Step 2: bound insertionSort via a recurrence.

def timeInsertionSortRec : Nat → Nat
  | 0     => 0
  | n + 1 => timeInsertionSortRec n + n

theorem time_insertionSort_le_rec (xs : List α) :
    (insertionSort xs).time ≤ timeInsertionSortRec xs.length

Step 3: close with a quadratic bound.

theorem timeInsertionSortRec_le_sq (n : Nat) :
    timeInsertionSortRec n ≤ n * n

Proof: By induction. The succ case unfolds the recurrence with simp only and closes with nlinarith:

\[T(n+1) = T(n) + n \leq n^2 + n \leq (n+1)^2\]

Putting it together:

theorem time_insertionSort_le_sq (xs : List α) :
    (insertionSort xs).time ≤ xs.length * xs.length :=
  le_trans (time_insertionSort_le_rec xs) (timeInsertionSortRec_le_sq xs.length)
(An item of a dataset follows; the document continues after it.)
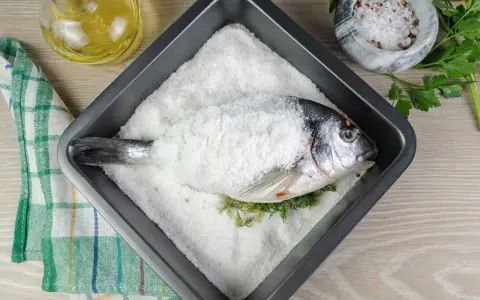 Dorada a la sal lista para hornear, con hierbas frescas y aceite de oliva al lado.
4. RSA Algorithm Correctness

4.1 Background

The RSA cryptosystem works as follows. Choose distinct primes $p$ and $q$, set $n = pq$, and pick exponents $e$ and $d$ satisfying:

\[e \cdot d \equiv 1 \pmod{(p-1)(q-1)}\]

In Lean we represent this as the existence of a witness $k$ such that $e \cdot d = 1 + k(p-1)(q-1)$.
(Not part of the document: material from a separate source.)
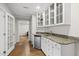 The bar area features granite countertops, white cabinetry, and a stainless steel mini-fridge for drinks at 704 Walcott Way, Cary, NC 27519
Encryption: $\text{Enc}(m) = m^e \bmod n$

Decryption: $\text{Dec}(c) = c^d \bmod n$

Correctness claim: $\text{Dec}(\text{Enc}(m)) = m \bmod n$ for all messages $m$.

The proof uses three mathematical ingredients:

1. Fermat’s Little Theorem: $x^p = x$ in $\mathbb{Z}/p\mathbb{Z}$ for prime $p$
2. Exponent decomposition: $m^{ed} \equiv m$ mod $p$ and mod $q$ separately
3. Chinese Remainder Theorem: these two congruences together give $m^{ed} \equiv m$ mod $pq$

4.2 ZMod and the Fact Typeclass

Lean’s ZMod n is the type of integers modulo n. For a prime p, ZMod p is a field; in particular, elements satisfy Fermat’s little theorem.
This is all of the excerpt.